Data extracts below:

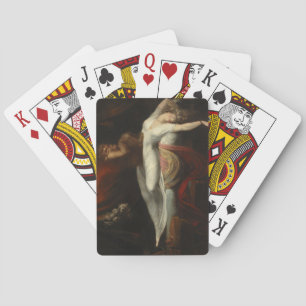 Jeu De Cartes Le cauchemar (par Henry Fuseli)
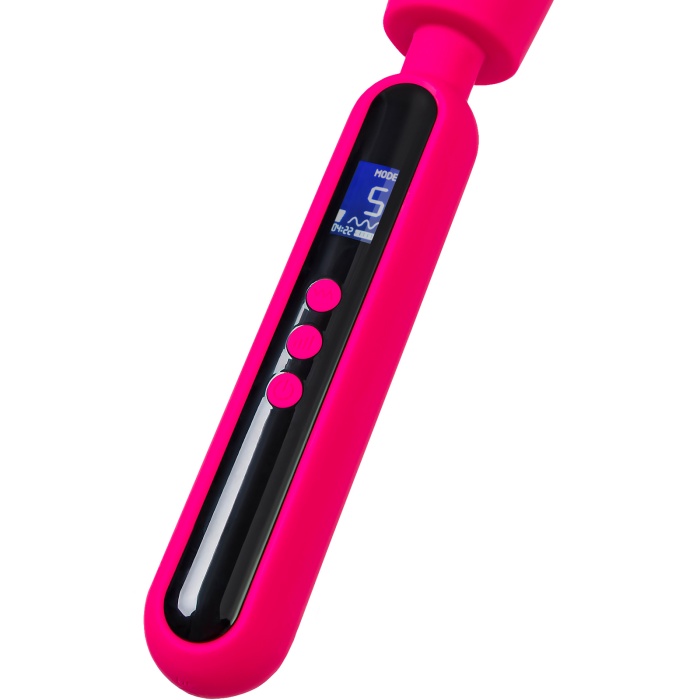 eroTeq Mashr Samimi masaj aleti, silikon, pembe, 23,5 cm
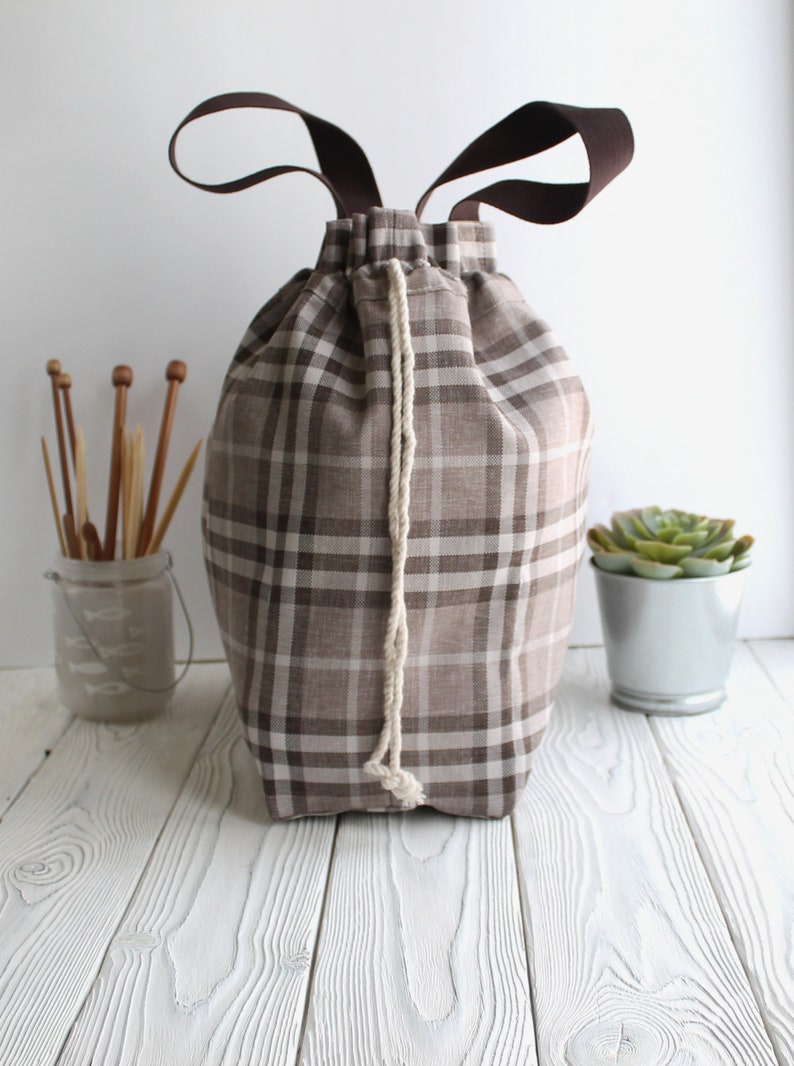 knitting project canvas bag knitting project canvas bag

End of Data extracts.
Data extracts below:

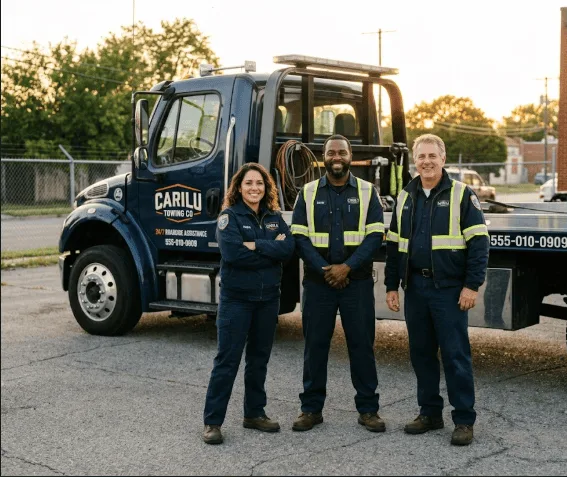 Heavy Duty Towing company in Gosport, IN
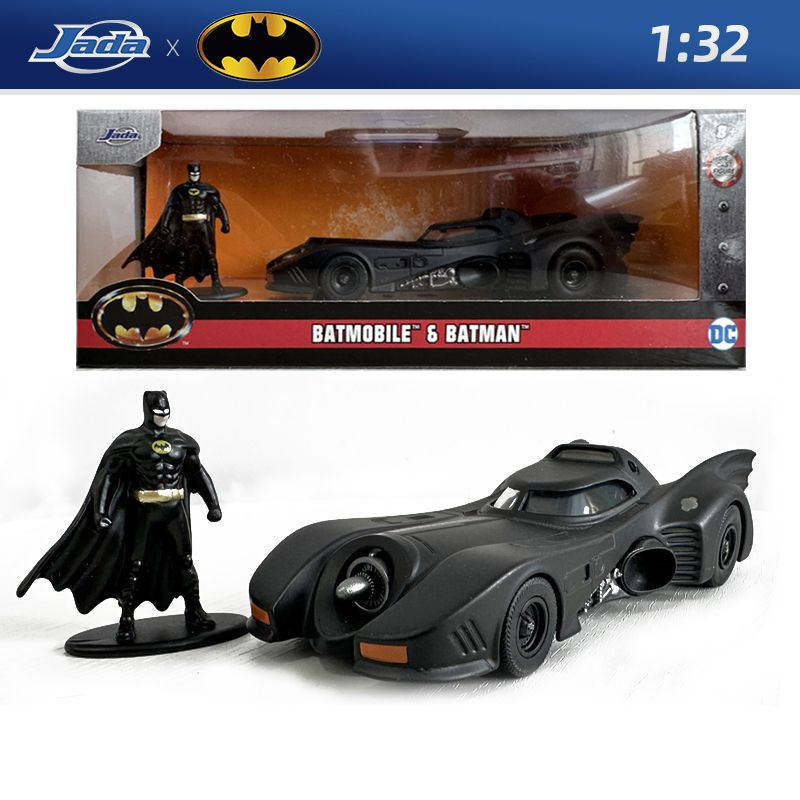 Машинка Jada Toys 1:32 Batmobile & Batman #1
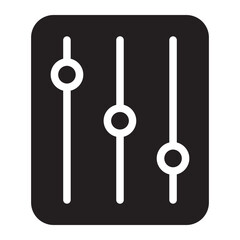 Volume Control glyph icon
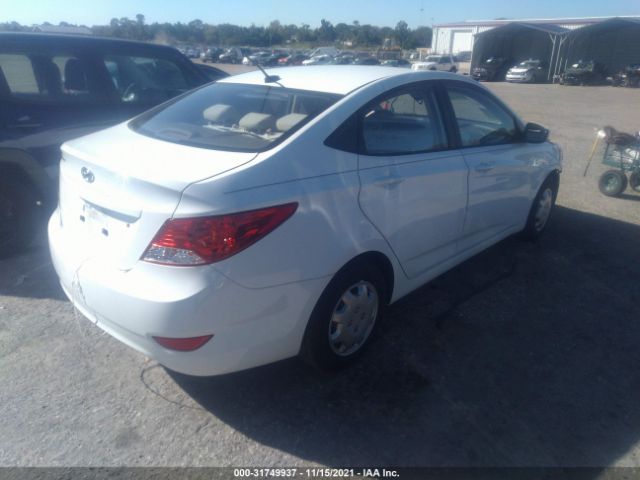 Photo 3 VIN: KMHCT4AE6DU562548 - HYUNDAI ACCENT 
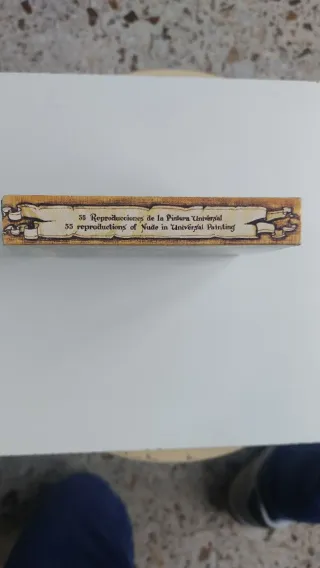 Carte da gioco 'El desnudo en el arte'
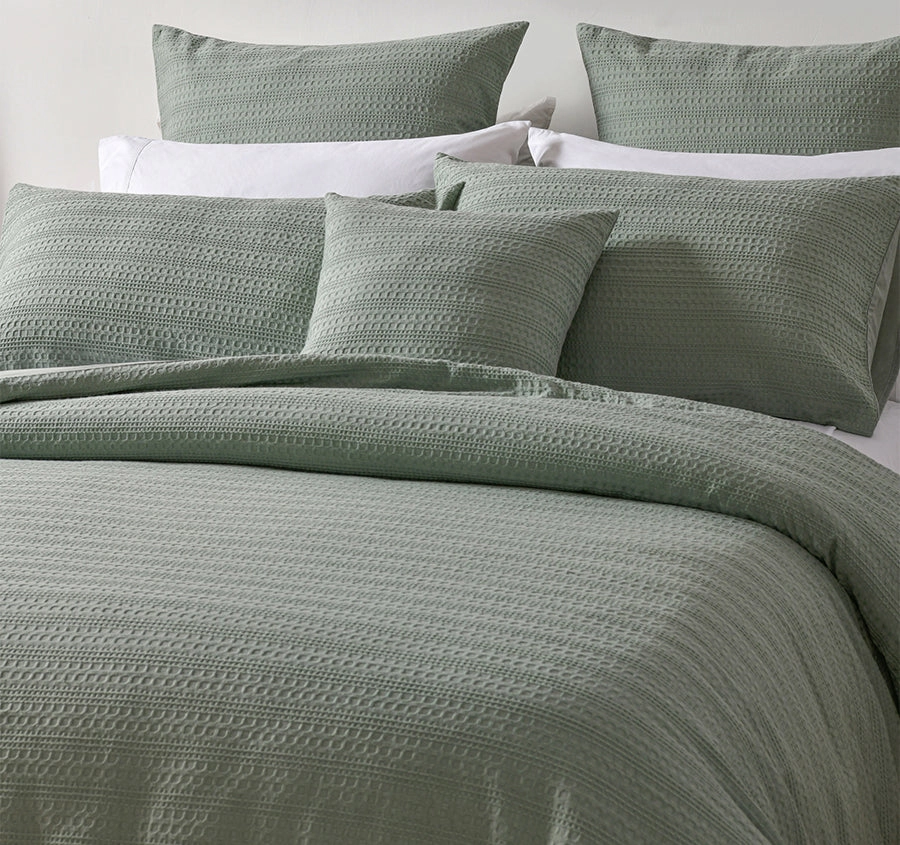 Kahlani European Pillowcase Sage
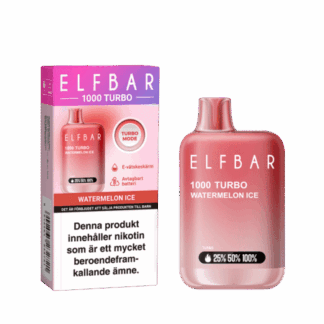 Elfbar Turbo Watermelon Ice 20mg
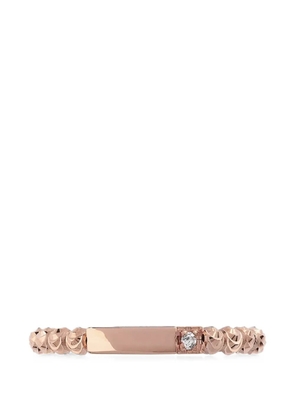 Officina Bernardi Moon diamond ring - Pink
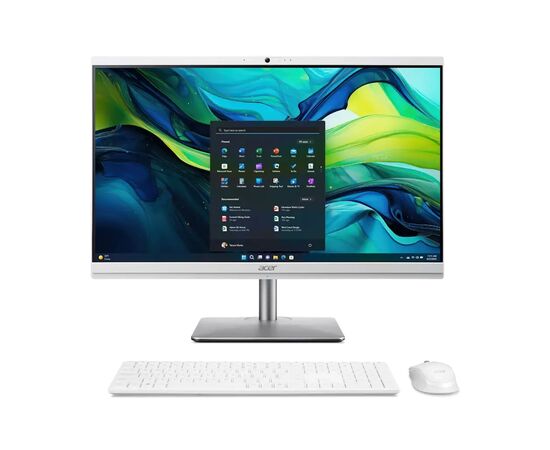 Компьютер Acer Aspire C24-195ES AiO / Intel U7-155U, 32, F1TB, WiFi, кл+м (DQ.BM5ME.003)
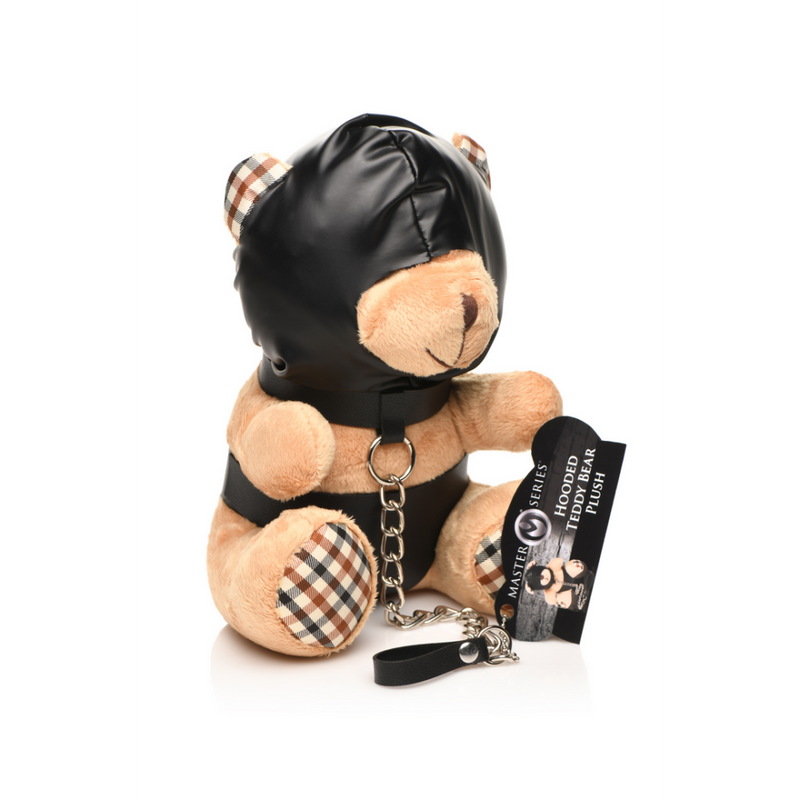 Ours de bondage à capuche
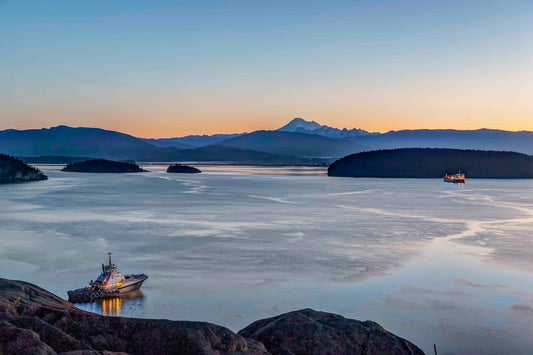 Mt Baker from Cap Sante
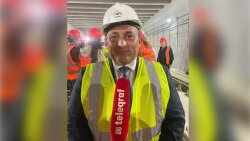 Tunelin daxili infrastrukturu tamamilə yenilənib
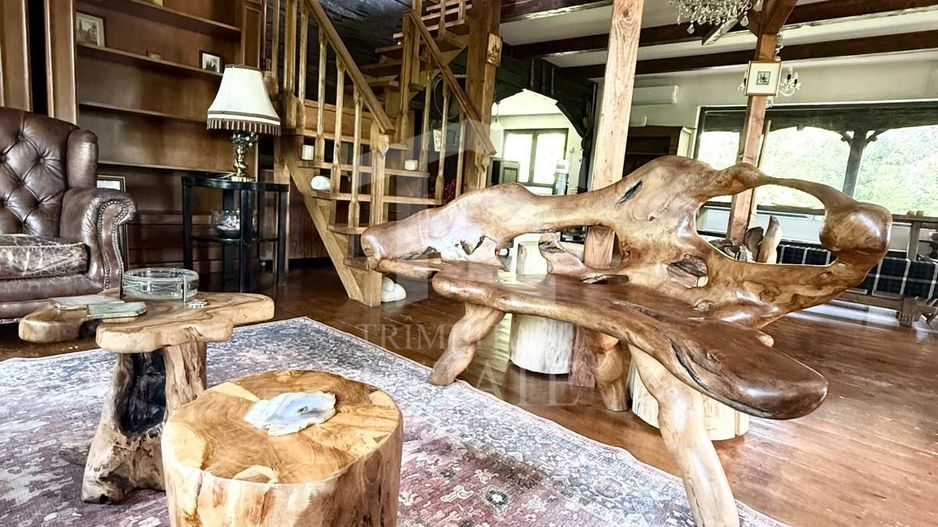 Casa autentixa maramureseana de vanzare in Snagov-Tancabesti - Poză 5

End of Data extracts.

* **What you should do**: Please copy out from the data above, without any picture, exactly the lines running from the one that holds "Jeu De Cartes" through the one that holds "knitting project canvas bag knitting", and nothing beyond them.

* **Your solution**:
 Jeu De Cartes Le cauchemar (par Henry Fuseli)
 eroTeq Mashr Samimi masaj aleti, silikon, pembe, 23,5 cm
 knitting project canvas bag knitting project canvas bag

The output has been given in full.